加藤のコラム第85号
今度は「蛇化(ヘビ化)現象」だって
第82号で「蛙化(カエル化)現象」について書いたのですが、「蛇化(ヘビ化)現象」という言葉も出てきたようです。言葉はどんどん進化しますね。
ちなみに「蛙化(カエル化)現象」とは、好意を持っていた相手が自分に好意があるとわかった途端に冷めてしまったり、生理的嫌悪感を抱いてしまったりする心理状態です。しかし近年はそこから派生し、相手が自分に好意を持っているか否かは関係なく、自分が好意を持っている相手のささいな言動を見て急に気持ちが冷めてしまうという、いわゆる「好きが一転して大嫌いになる」という感情のことを指すこともあるようです(加藤のコラム第82号より)。

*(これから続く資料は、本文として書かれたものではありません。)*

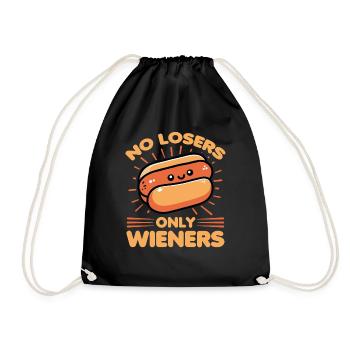 No Losers Only Wieners Funny Pun For Hotdog Lover - Drawstring Bag - black - Front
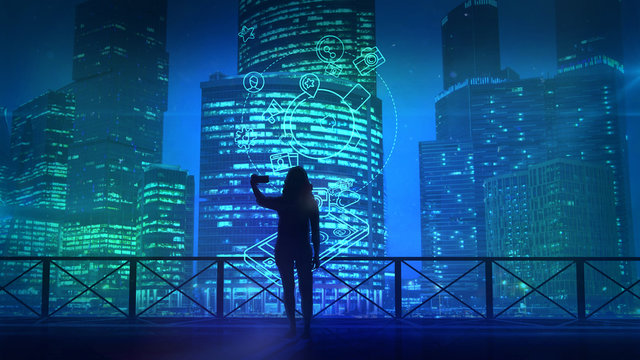 Girl does selfie on a background of skyscrapers and social media infographics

では「蛇化(ヘビ化)現象」とは何なのでしょうか。インターネットの記事から引用します。
蛇化現象とは、恋人のダサい部分でさえも可愛い、あるいはカッコイイと感じる現象のことを言います。デート中に転ぶ、デートで食事に行った時に財布を忘れる、鼻毛が出ているなど、一般的にだれが見ても「ダサい」と感じてしまう面や抜けている一面も「可愛い」「カッコイイ」と感じ、相手の行動を許してしまう状態像で、TikTokで発信された言葉です。
蛙化(カエル化)現象はマイナスへイメージへの転落ですが、蛇化(ヘビ化)現象は肯定的理解の極みです。ダサい象徴として使われてしまっているヘビさんたちは「名誉棄損だ」とお怒りになるかもしれませんが、肯定的に他者を見るという例えだということをご理解いただければきっと納得してくださるでしょう。
蛇化(ヘビ化)現象に甘えて、だらしないままでいいんだと開き直るのはどうかと思いますが、他者に対して蛇化(ヘビ化)現象の視点で接するのは、リフレーミングの手本でもあるし、対人支援をなりわいとする者にとっては大事なスタンスだと思います。対人支援の業界でよく言われる「肯定的理解をしていきましょう」的なフレーズを「蛇化(ヘビ化)現象を見習いましょう」に置き換えていった方が浸透するかもしれません。
そして何よりボク自身、ダサいところだらけですから、世の人々が蛇化(ヘビ化)現象に陥っていただけると、とってもとってもありがたい。「蛙化(カエル化)現象」「蛇化(ヘビ化)現象」…、次にくる言葉は何でしょう。